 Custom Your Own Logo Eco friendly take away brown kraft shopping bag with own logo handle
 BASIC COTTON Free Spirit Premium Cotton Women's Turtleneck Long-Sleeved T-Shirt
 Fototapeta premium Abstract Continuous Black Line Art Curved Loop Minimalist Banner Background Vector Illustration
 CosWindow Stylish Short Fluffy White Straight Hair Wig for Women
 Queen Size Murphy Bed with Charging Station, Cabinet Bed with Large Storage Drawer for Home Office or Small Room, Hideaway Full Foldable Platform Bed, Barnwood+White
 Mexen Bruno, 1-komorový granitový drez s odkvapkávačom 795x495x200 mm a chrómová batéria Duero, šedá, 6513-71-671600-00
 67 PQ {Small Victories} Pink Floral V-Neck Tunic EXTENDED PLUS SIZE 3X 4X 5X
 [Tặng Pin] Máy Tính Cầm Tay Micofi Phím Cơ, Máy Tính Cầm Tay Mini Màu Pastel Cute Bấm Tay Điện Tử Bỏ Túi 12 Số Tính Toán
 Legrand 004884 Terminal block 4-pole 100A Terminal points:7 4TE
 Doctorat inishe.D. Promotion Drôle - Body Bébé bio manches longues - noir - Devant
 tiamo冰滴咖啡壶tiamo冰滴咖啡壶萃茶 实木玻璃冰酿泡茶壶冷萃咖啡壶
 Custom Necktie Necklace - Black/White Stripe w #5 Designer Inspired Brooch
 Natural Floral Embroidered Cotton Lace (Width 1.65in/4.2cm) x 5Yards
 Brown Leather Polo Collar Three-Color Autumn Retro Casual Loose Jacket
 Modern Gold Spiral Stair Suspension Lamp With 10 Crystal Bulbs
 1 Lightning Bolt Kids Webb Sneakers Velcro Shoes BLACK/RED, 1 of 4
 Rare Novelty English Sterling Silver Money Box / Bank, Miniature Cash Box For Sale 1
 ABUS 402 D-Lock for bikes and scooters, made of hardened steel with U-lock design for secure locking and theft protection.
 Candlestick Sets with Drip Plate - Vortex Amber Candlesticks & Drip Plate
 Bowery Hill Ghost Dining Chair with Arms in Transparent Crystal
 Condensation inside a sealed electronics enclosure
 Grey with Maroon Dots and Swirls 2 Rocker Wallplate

◇ ◇ ◇ ◇ ◇

What to produce. Reproduce the records above line by line, without any change, up to and including the line that holds "SIZE 3X 4X 5X".

Task result.
 Custom Your Own Logo Eco friendly take away brown kraft shopping bag with own logo handle
 BASIC COTTON Free Spirit Premium Cotton Women's Turtleneck Long-Sleeved T-Shirt
 Fototapeta premium Abstract Continuous Black Line Art Curved Loop Minimalist Banner Background Vector Illustration
 CosWindow Stylish Short Fluffy White Straight Hair Wig for Women
 Queen Size Murphy Bed with Charging Station, Cabinet Bed with Large Storage Drawer for Home Office or Small Room, Hideaway Full Foldable Platform Bed, Barnwood+White
 Mexen Bruno, 1-komorový granitový drez s odkvapkávačom 795x495x200 mm a chrómová batéria Duero, šedá, 6513-71-671600-00
 67 PQ {Small Victories} Pink Floral V-Neck Tunic EXTENDED PLUS SIZE 3X 4X 5X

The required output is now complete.